__Data provided__
---

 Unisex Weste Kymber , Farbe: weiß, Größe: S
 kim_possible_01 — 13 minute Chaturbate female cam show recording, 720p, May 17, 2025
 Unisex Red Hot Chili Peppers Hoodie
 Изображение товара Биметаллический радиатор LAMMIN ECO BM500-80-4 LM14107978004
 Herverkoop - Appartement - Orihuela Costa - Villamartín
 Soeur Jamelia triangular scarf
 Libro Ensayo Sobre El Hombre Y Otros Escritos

---

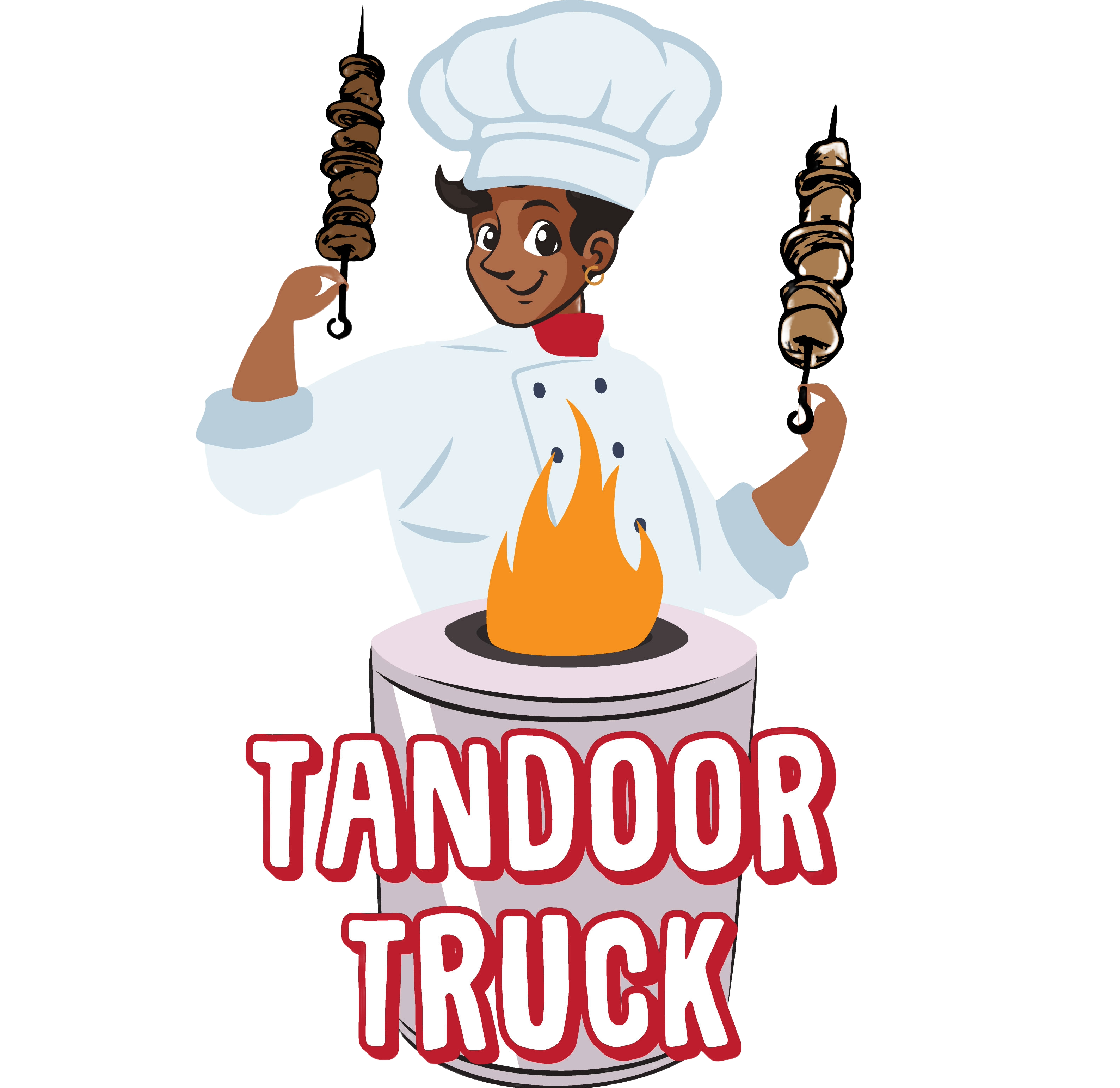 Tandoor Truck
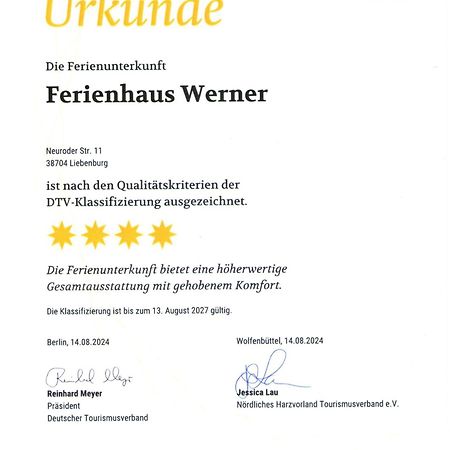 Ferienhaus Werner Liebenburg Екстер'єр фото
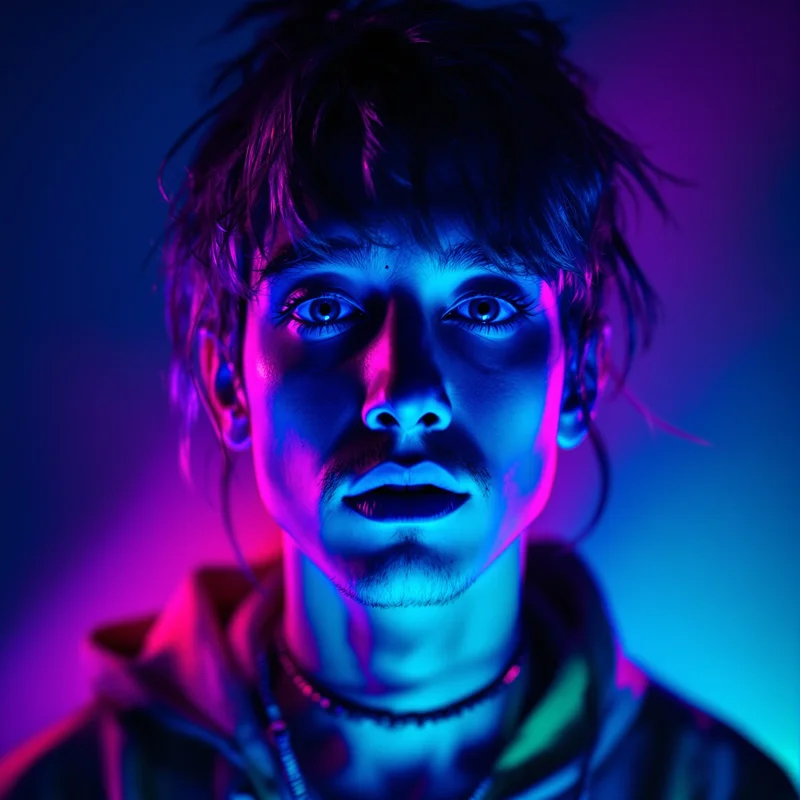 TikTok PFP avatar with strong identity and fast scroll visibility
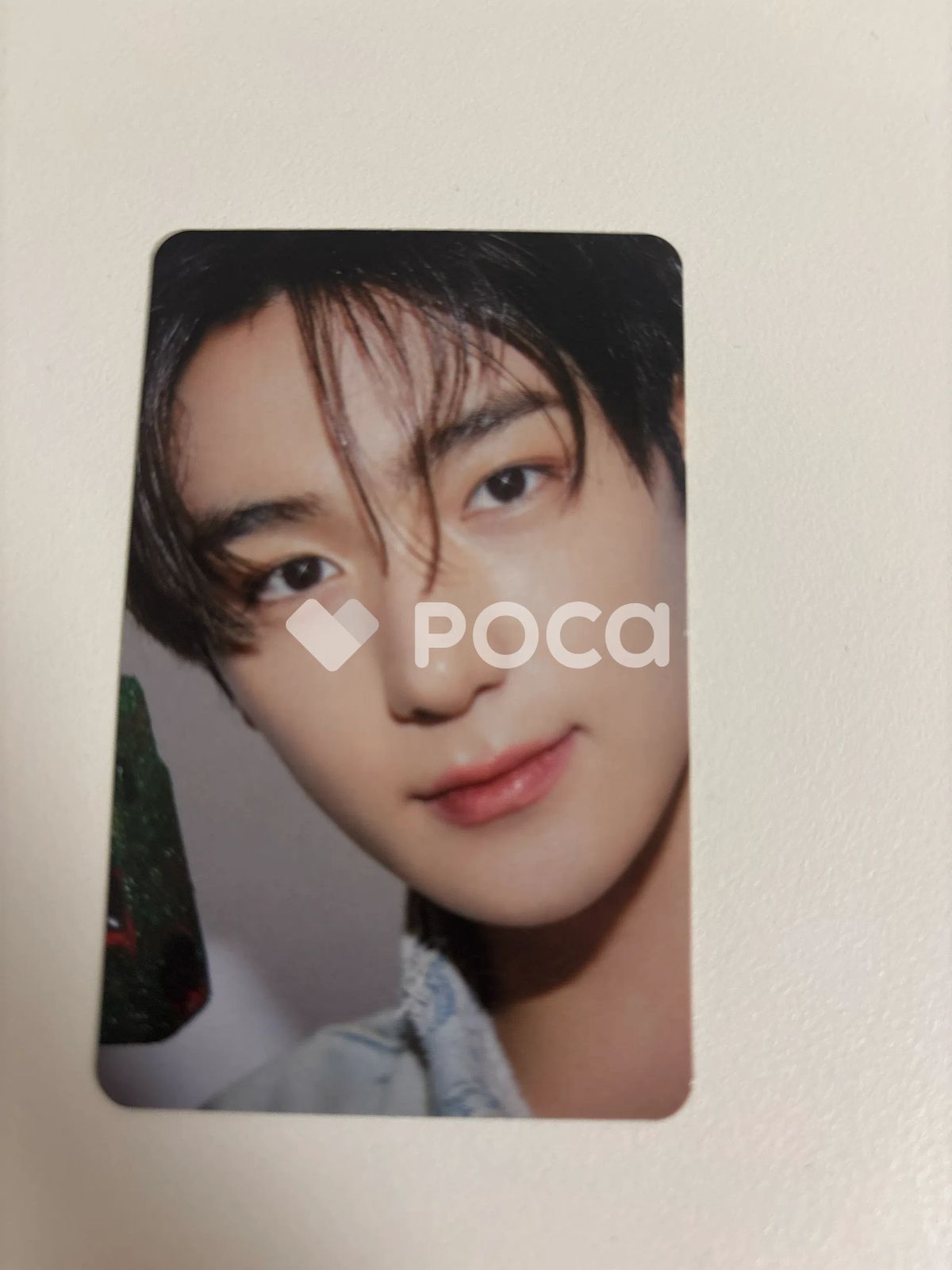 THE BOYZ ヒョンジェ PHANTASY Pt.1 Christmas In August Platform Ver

---

__Aim of the task__
The lines to set down run from the line with "TikTok PFP avatar" up to and including the line with "THE BOYZ ヒョンジェ" in the entries above. Reproduce them exactly, with no pictures.

__Problem solution__
 TikTok PFP avatar with strong identity and fast scroll visibility
 THE BOYZ ヒョンジェ PHANTASY Pt.1 Christmas In August Platform Ver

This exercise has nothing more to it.